Se vediamo il sessismo ovunque, significa che il sessismo purtroppo è ancora ovunque. Anche in una pubblicità di un'impastatrice, che recita: "Con la nostra arrotondatrice fare le palline è incredibilmente alla portata di chiunque! Anche un bambino, una donna, una zia"

  • 14 Marzo, 2024

Care aziende, siamo nel 2024, smettetela di pubblicizzare i vostri prodotti attraverso una narrazione sessista. E a chi penserà “ma basta con questo sessismo, state sempre parlando di patriarcato”, rispondiamo che a noi piacerebbe molto non parlarne più. Purtroppo è evidente che tocca ancora scrivere articoli del genere, almeno finché continueranno a esserci comunicazioni fuori luogo, sessiste e anacronistiche. Scrollando la bacheca di Facebook siamo incappati in un video pubblicato da un’azienda che produce e vende impastatrici: «Con la nostra arrotondatrice – recita il copy del post – fare le palline è incredibilmente semplice e veloce, alla portata di chiunque! Anche un bambino, una donna, una zia, un parente o qualsiasi altra persona può arrotondare le palline senza alcuna difficoltà». Segue video di un uomo che spiega a una donna come si utilizza il macchinario.
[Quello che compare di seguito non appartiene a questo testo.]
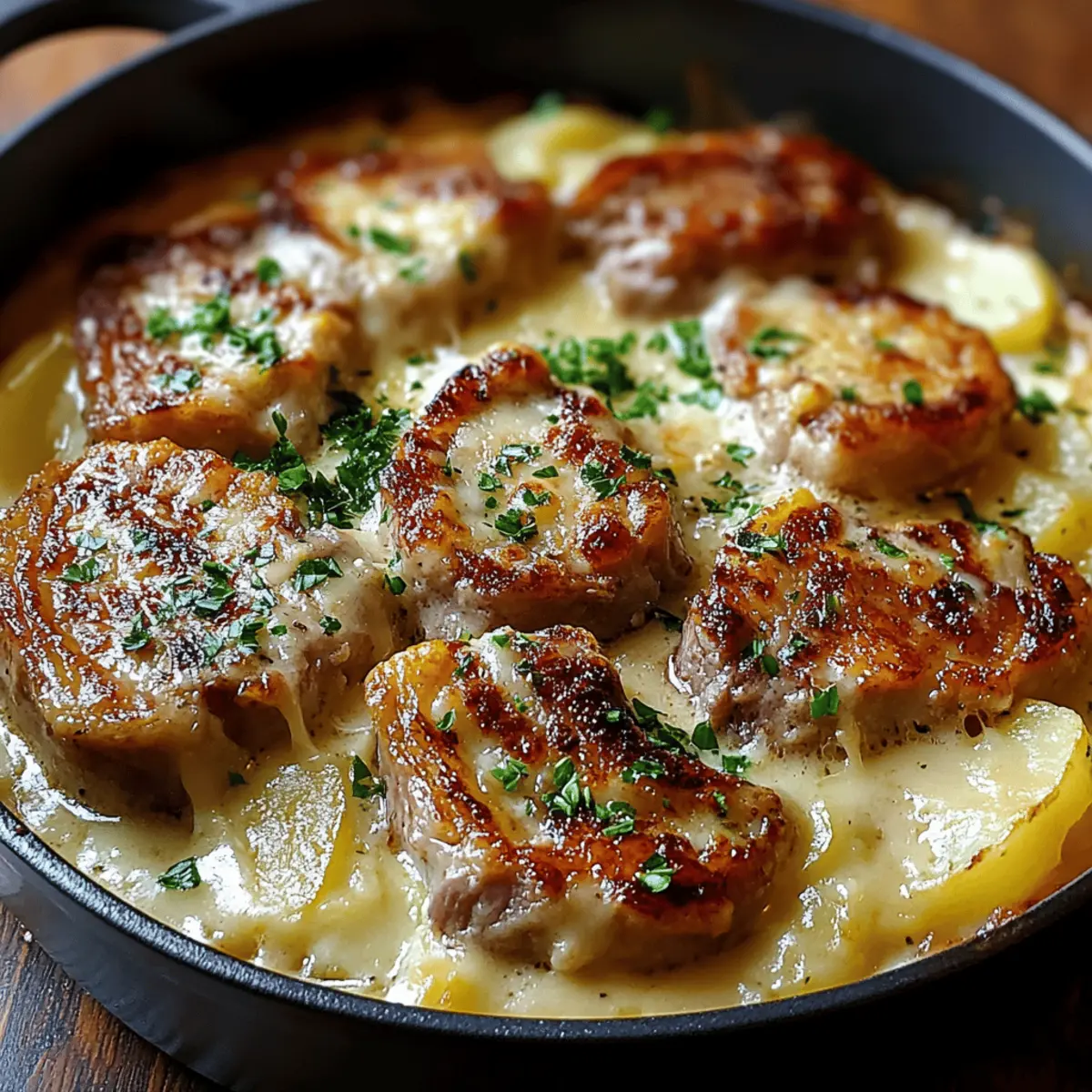 Smothered Pork Chop and Scalloped Potato Casserole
Basta con le pubblicità sessiste

Mansplaining allo stato puro. Eppure il mondo, in generale e quello della pizzeria, sta evolvendo: sono sempre di più le pizzaiole donne – che tra l’altro non hanno bisogno dell’arrotondatrice: andatelo a dire a Marzia Buzzanca o a Isabella de Cham di fare le palline con l’arrotondatrice!– che sono riuscite a farsi strada in un mestiere considerato appannaggio maschile fino a qualche anno fa. Chiaro, c’è tanta strada da fare, anche noi premiamo ancora pochissime pizzaiole (perché in proporzione ai colleghi maschi sono ancora troppo poche) ma se c’è arrivata pure Mattel, che nel 2018 ha lanciato la Barbie pizzaiola, possiamo arrivarci tutti.

Pubblicita? sessista

Siamo pesanti? Risultiamo noiose? Ci spiace ma questa cultura non ci rappresenta. Non più. E se addirittura il preside di un liceo di Imola (stiamo uscendo un po’ dal seminato, lo sappiamo) si sente libero di scrivere sotto la foto di un’ufficiale donna che si è fatta male durante una partita di calcio «Sì vabbè… però oggettivamente se fosse stata in cucina a preparare le tagliatelle, non si sarebbe fatta male tesoro» – come se una donna non potesse giocare a calcio e non potesse farsi male, perché il suo ruolo è quello di fare le tagliatelle, non in un ristorante, ma a casa chiaramente – significa che di questi fenomeni sistemici culturali non se n’è ancora parlato abbastanza.